Differential Diagnosis Analysis
External laryngeal nerve injury (Option D):
- Most consistent with the clinical picture
- Explains hoarseness with normal-appearing vocal cord movement
- Common in surgeries for large multinodular goiters
Unilateral partial RLN injury (Option A):
- Would typically show some visible impairment of vocal cord movement
- Not consistent with the normal laryngoscopy findings
Bilateral partial RLN injury (Option B):
- Would present with more severe symptoms including possible airway compromise
- Would show visible abnormalities on laryngoscopy
Tracheomalacia (Option C):
- Usually presents with stridor, respiratory distress, or dyspnea
- Not typically associated with isolated hoarseness when vocal cords appear normal
Evidence-Based Rationale
The clinical practice guideline on improving voice outcomes after thyroid surgery notes that voice impairment following thyroid surgery can occur due to injury to the external laryngeal nerve, which innervates the cricothyroid muscle 1. This muscle is responsible for tensing the vocal cords and adjusting voice pitch. When damaged, it results in voice changes that may not be apparent on standard laryngoscopy.

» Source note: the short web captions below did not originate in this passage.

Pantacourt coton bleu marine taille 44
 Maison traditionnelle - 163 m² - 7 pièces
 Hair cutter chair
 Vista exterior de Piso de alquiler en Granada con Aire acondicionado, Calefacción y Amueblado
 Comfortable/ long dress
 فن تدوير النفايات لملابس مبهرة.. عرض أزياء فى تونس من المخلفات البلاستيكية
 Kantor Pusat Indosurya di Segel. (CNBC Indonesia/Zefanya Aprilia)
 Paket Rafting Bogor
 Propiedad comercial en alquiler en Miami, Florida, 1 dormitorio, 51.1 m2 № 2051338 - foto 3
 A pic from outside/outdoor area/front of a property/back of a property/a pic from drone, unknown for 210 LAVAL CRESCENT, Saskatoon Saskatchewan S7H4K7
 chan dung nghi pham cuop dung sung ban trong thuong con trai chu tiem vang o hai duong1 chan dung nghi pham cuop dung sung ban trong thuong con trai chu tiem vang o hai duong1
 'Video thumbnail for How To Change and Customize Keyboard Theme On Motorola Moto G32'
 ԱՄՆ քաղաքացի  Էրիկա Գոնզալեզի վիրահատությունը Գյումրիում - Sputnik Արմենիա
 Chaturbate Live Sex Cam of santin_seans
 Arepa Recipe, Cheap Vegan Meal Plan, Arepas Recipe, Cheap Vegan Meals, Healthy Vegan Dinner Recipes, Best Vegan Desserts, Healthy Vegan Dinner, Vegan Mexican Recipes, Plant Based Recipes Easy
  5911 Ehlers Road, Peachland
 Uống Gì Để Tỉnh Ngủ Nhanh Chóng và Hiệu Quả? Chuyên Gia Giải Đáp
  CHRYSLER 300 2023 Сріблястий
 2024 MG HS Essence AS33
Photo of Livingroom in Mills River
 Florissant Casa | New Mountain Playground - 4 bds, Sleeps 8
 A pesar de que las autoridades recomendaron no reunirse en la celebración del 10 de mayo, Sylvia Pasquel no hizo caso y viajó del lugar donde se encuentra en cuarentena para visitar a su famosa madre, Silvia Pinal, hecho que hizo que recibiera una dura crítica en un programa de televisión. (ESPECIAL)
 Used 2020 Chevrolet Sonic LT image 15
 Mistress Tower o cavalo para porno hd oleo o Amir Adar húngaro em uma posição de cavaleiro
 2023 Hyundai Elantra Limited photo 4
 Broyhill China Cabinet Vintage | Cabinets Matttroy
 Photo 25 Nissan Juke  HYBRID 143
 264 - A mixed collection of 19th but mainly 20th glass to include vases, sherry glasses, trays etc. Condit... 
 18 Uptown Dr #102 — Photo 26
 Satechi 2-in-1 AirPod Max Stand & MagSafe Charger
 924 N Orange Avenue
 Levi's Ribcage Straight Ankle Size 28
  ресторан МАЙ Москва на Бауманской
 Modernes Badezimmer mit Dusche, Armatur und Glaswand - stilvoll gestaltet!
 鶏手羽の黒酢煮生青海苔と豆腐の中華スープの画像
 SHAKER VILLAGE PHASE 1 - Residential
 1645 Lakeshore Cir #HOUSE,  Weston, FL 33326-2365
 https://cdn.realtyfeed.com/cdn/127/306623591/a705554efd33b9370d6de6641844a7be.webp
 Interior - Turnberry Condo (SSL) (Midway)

According to the guideline, "Specific problems with fatigue or a weak voice can be addressed with injection laryngoplasty or medialization, but these treatments can also be incomplete. Cricothyroid approximation surgery is an option to increase pitch in patients who have had SLN injury following thyroidectomy" 1.
Risk Factors in This Case
Several factors increased this patient's risk for ELN injury:
- Advanced age
- Long-standing large multinodular goiter
- Extensive surgery required for such cases
Management Recommendations
Immediate management:
- Reassurance that this is a recognized complication
- Voice rest for 1-2 weeks
- Adequate hydration
Follow-up care:
- Referral to speech-language pathology for voice therapy
- Consider video-stroboscopy for more detailed assessment
- Re-evaluation in 4-6 weeks to assess for spontaneous recovery
Surgical options if no improvement after 6 months:
- Cricothyroid approximation surgery
- Injection laryngoplasty
Prognosis
The prognosis for external laryngeal nerve injury is variable:
- Some patients experience spontaneous recovery within 3-6 months
- Others may have permanent voice changes requiring adaptation or surgical intervention
- Voice therapy can significantly improve outcomes even in cases of permanent injury
The clinical practice guideline emphasizes that "All treatments of vocal fold mobility issues center on rehabilitation rather than restoration of preoperative normal vocal fold movement" 1.